## DATA
>>>>

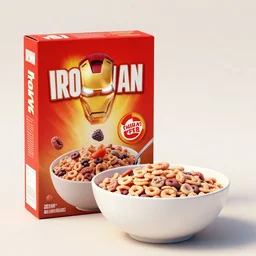 mid product still of Ironman cereal with a box and a bowl of glowing reactor core o’s, 4k, red and gold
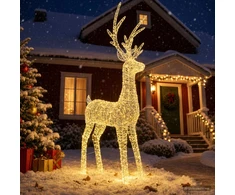 Kalėdinis LED elnio figūros apšvietimas 1000 LED Šilta balta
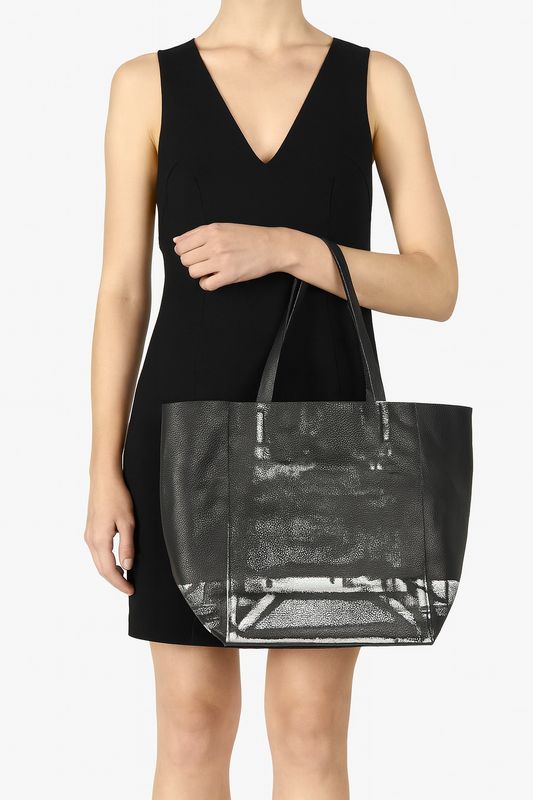 Abstract Textured Leather Tote Bag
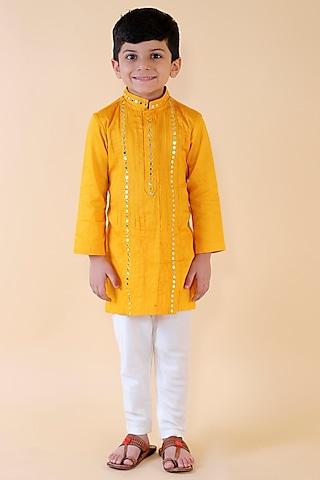 mustard embroidered kurta set for boys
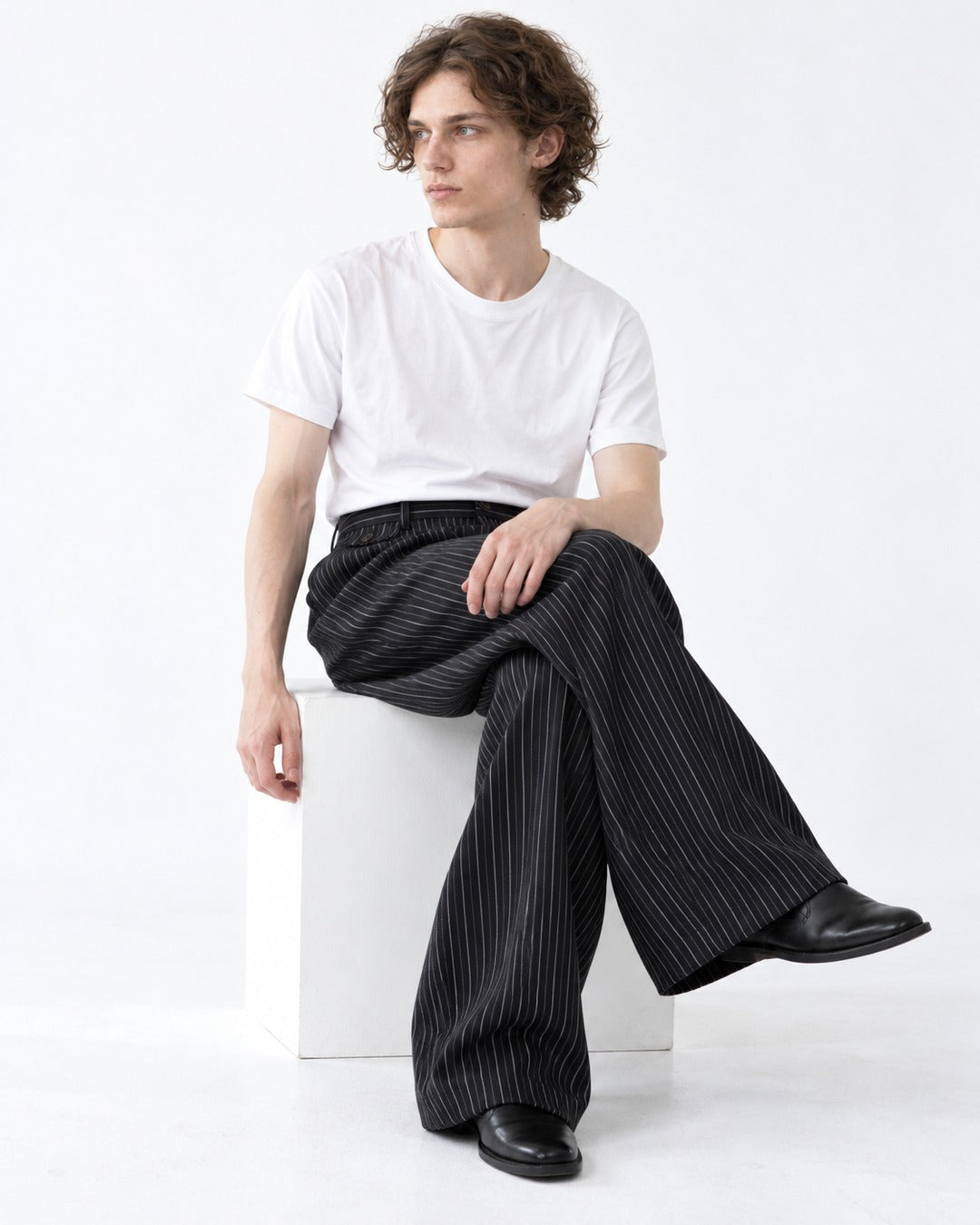 Pinstripe Wide-Leg Trousers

<<<<

## INSTRUCTIONS TO FOLLOW
Repeat the listing above word for word and leave its images out.

## ANSWER BOX
 mid product still of Ironman cereal with a box and a bowl of glowing reactor core o’s, 4k, red and gold
 Kalėdinis LED elnio figūros apšvietimas 1000 LED Šilta balta
 Abstract Textured Leather Tote Bag
 mustard embroidered kurta set for boys
 Pinstripe Wide-Leg Trousers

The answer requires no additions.